I was saddened to learn of the recent death of Alvin Lawson, at the age of 80. He was best known in ufological circles for his promotion of the 'Birth Trauma' hypothesis for UFO abductions. Lawson was a professor of English at California State University, Long Beach. His interest in UFOs began in the 1940s with the early UFO waves, and in the 1970s he started the UFO Report Center of Orange County. He worked with William McCall, a doctor, in hypnotic regression of claimed abductees. As a result of this work they became increasingly sceptical of the accounts they uncovered.
At California State he was able to combine his professional and outside interests by studying the language and structure of UFO reports, and in 1977 began to test whether imaginary abduction stories bore any comparison to the 'real' accounts that he had encountered.
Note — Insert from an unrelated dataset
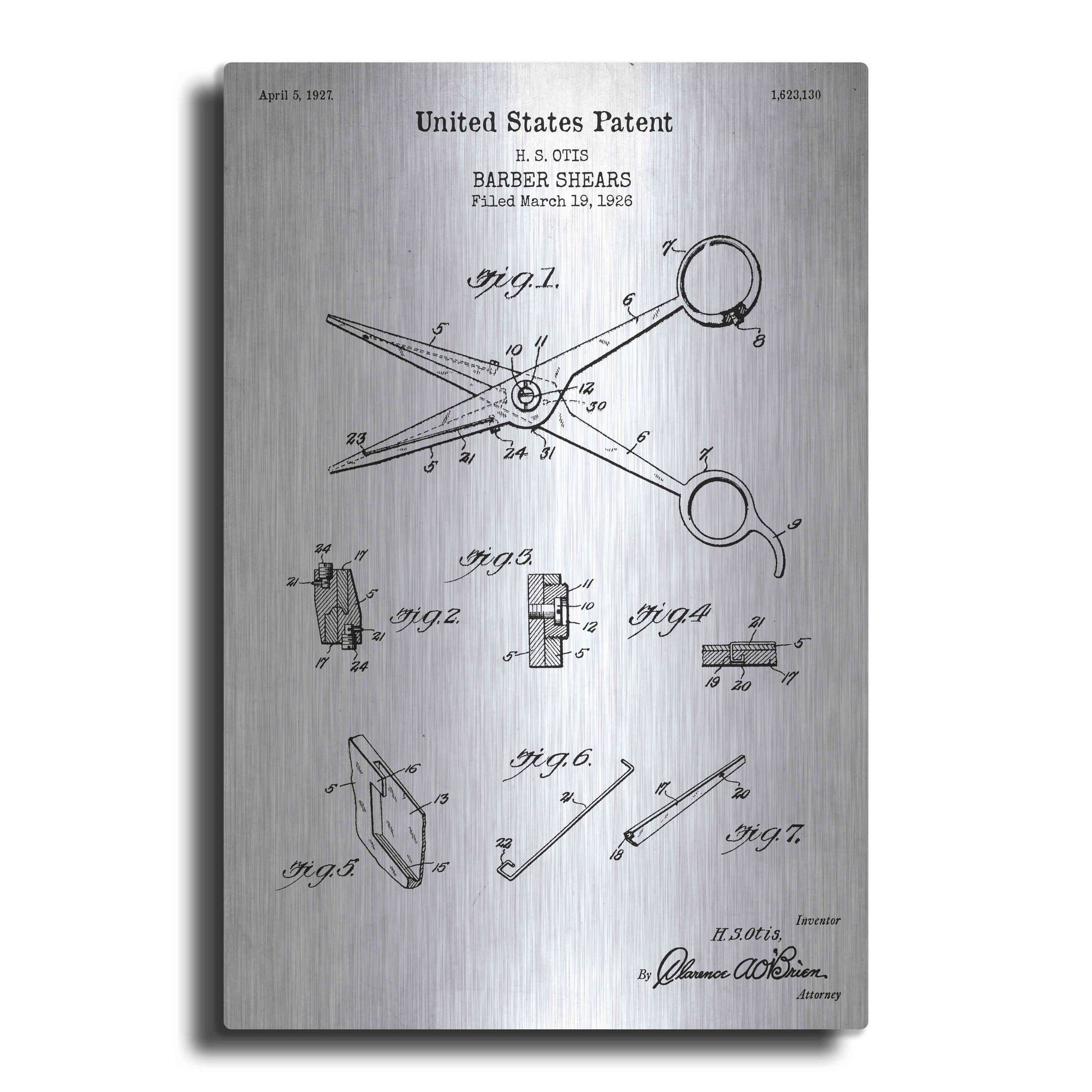 Luxe Metal Art 'Barber Shears Blueprint Patent White' Acrylic Glass Wall Art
He asked students who had never reported abduction experiences to imagine such an experience under hypnosis, and concluded that their narratives were substantially the same as those of self-reported abductees. This led Lawson and McCall to conclude that the 'real' abduction experience was an entirely psychological construct. His research was first announced to the UFO world at a Center for UFO Studies conference in 1976.
Understandably this created a great deal of controversy in the UFO world, and Lawson and McCall's research was challenged on a number of levels - particularly the small size and untypical nature of the control group, and the degree to which abduction imagery was already prevalent in the general culture (as well, of course, as suggestions that the 'imaginary' accounts were in fact genuine and the subjects had repressed their conscious memories). In Magonia 6 (1981) we published an article by Willy Smith pointing out flaws in his theories.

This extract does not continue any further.